## Instructions to follow
Would you transcribe exactly the lines from the one containing "Afbeelding van het" to the last line of the data below, both ends included, but none of the pictures?

Crawled caption data
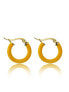 Gold plated hoops with enamel Laura Orange Earrings MCE23149G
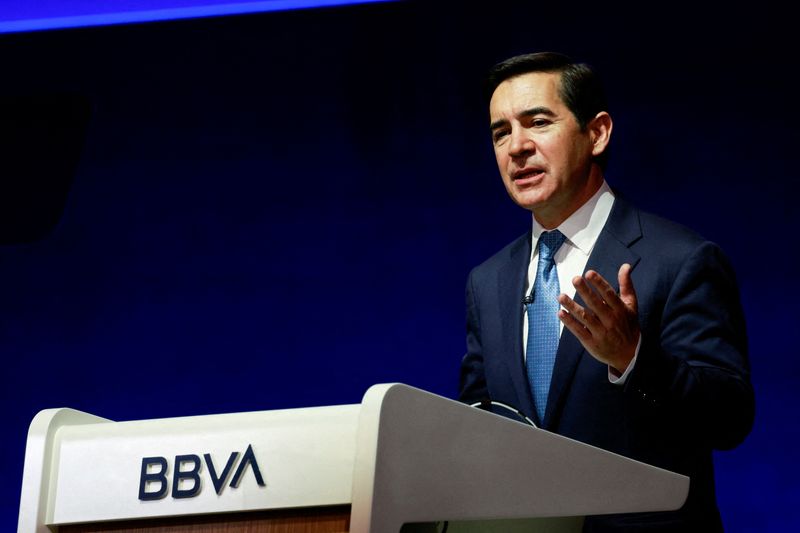 &copy; Reuters. FILE PHOTO: BBVA president Carlos Torres Vila addresses the Annual General Meeting of Shareholders at the Palacio Euskalduna in Bilbao, Spain, March 17, 2023. REUTERS/Vincent West/File Photo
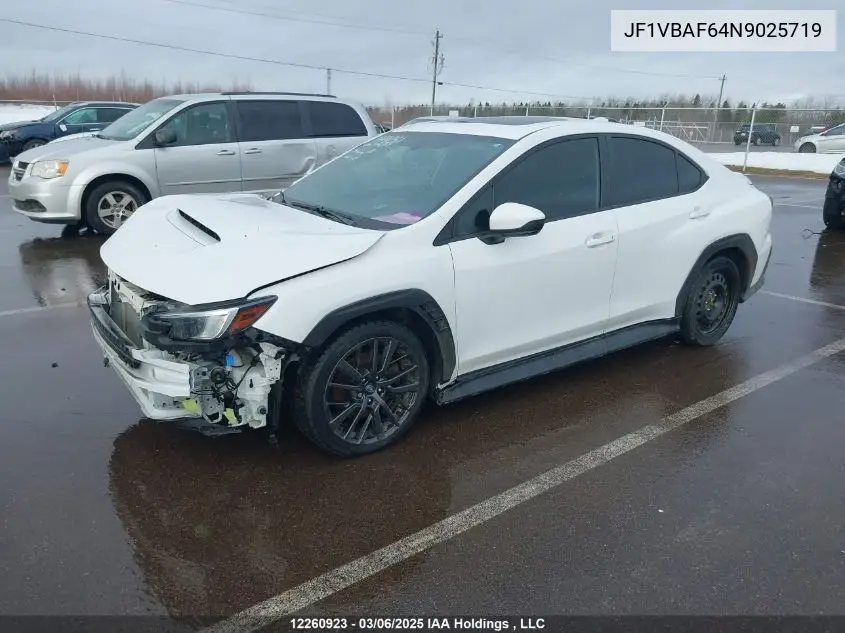 2022 Subaru Wrx Premium VIN: JF1VBAF64N9025719 Lot: 12260923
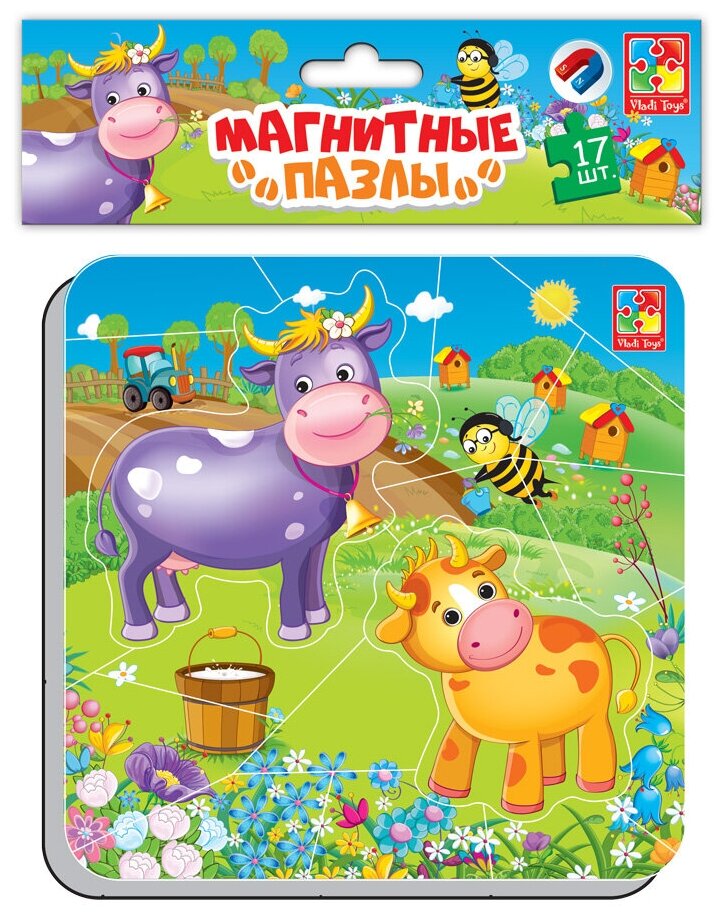 Магнитные пазлы Vladi Toys Корова и теленок, 17 элементов (VT3204-13) - фото №1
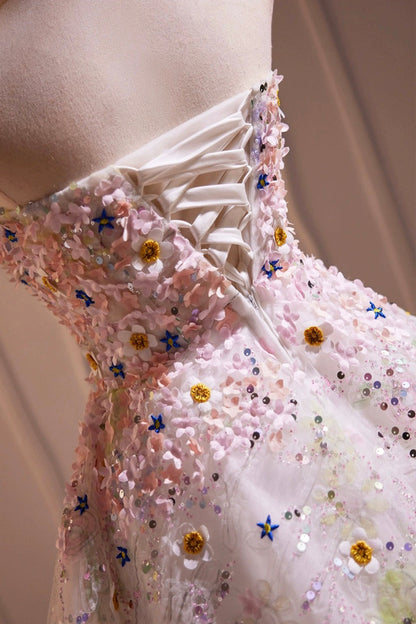 Cute 3D Floral Knee Length Party Dress, A-line Strapless Homecoming Dress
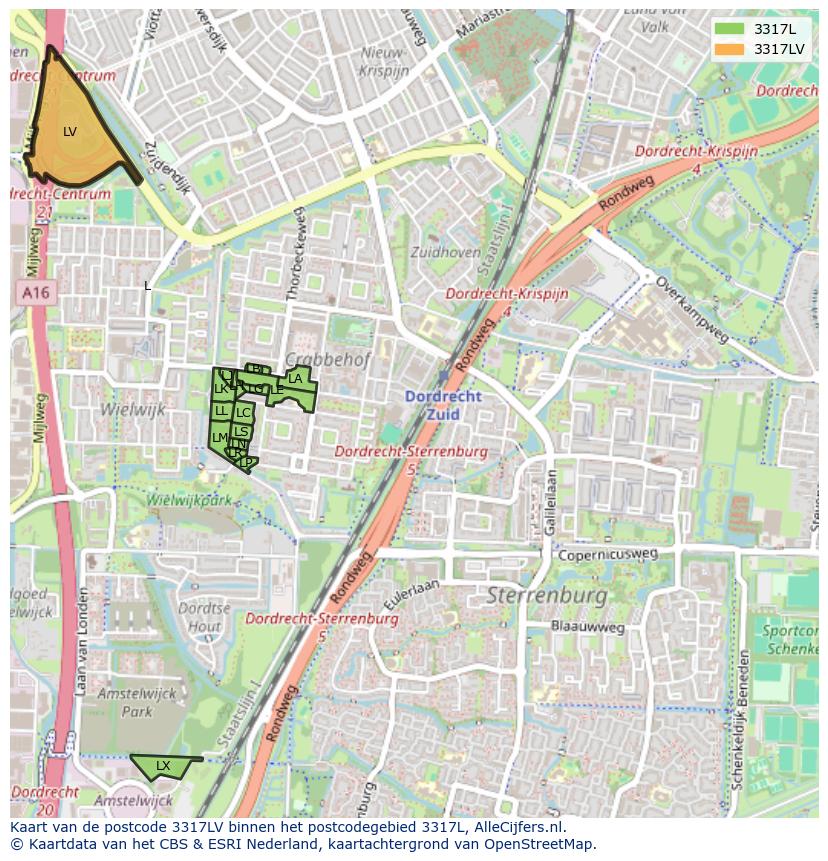 Afbeelding van het postcodegebied 3317 LV op de kaart.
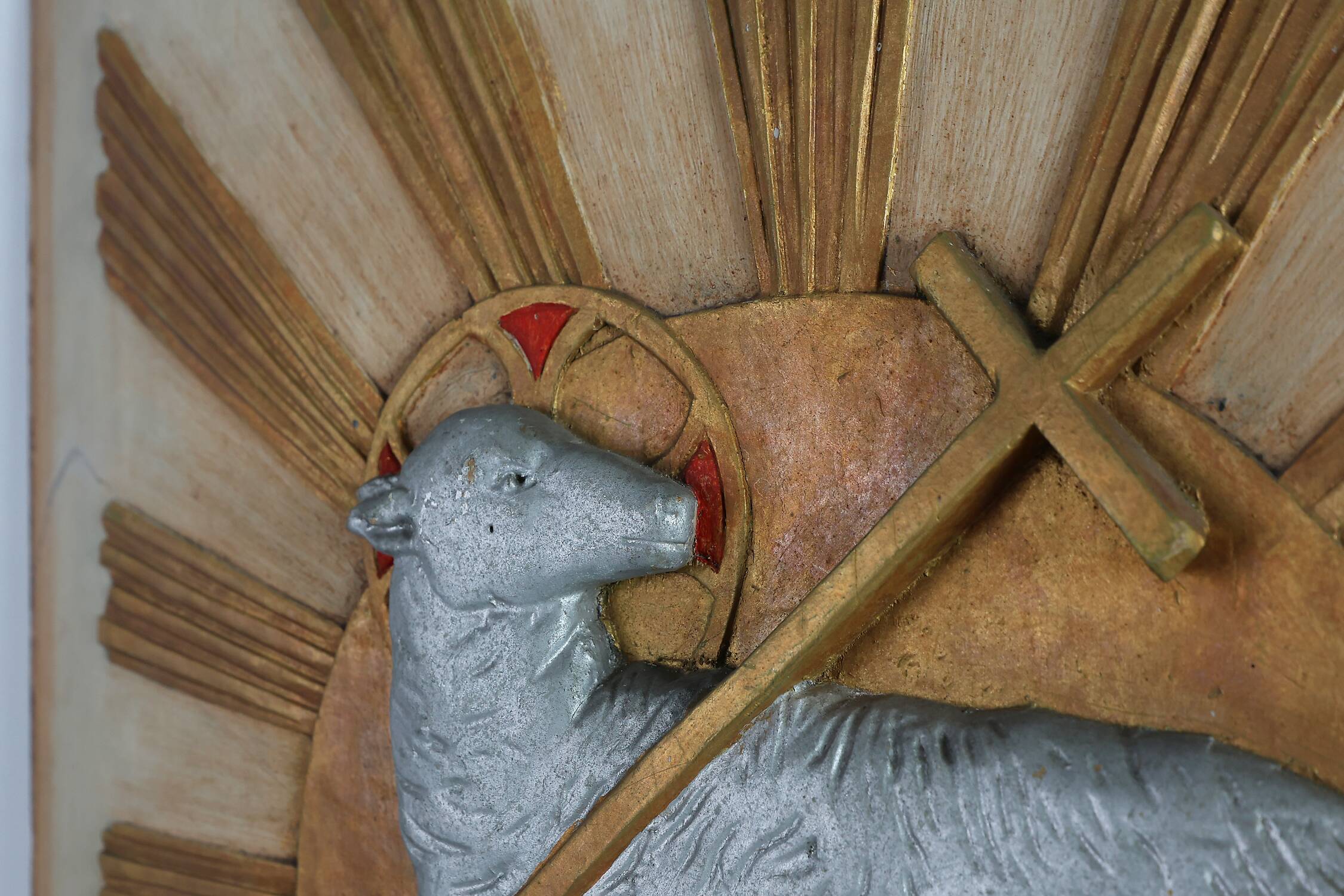 19th Century Religious Carved Wooden Agnus Dei Panel, France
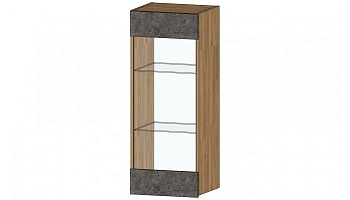 Даллас Шкаф со стеклом Дуб вотан / Цемент темный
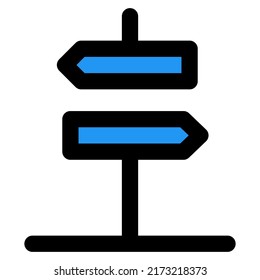 Signpost Both Direction Left Right Signaling Stock Vector (Royalty Free ...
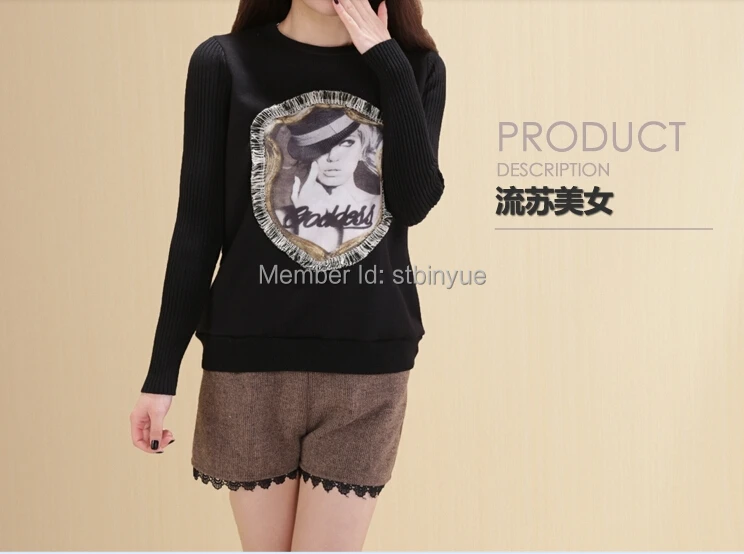 Hot Sale Winter Fashion women set of head Sweater Casual O-neck Knitted Pullovers loose thickening velvet garment | Женская одежда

## Answer space
 Afbeelding van het postcodegebied 3317 LV op de kaart.
 19th Century Religious Carved Wooden Agnus Dei Panel, France
 Даллас Шкаф со стеклом Дуб вотан / Цемент темный
 Signpost Both Direction Left Right Signaling Stock Vector (Royalty Free ...
 Hot Sale Winter Fashion women set of head Sweater Casual O-neck Knitted Pullovers loose thickening velvet garment | Женская одежда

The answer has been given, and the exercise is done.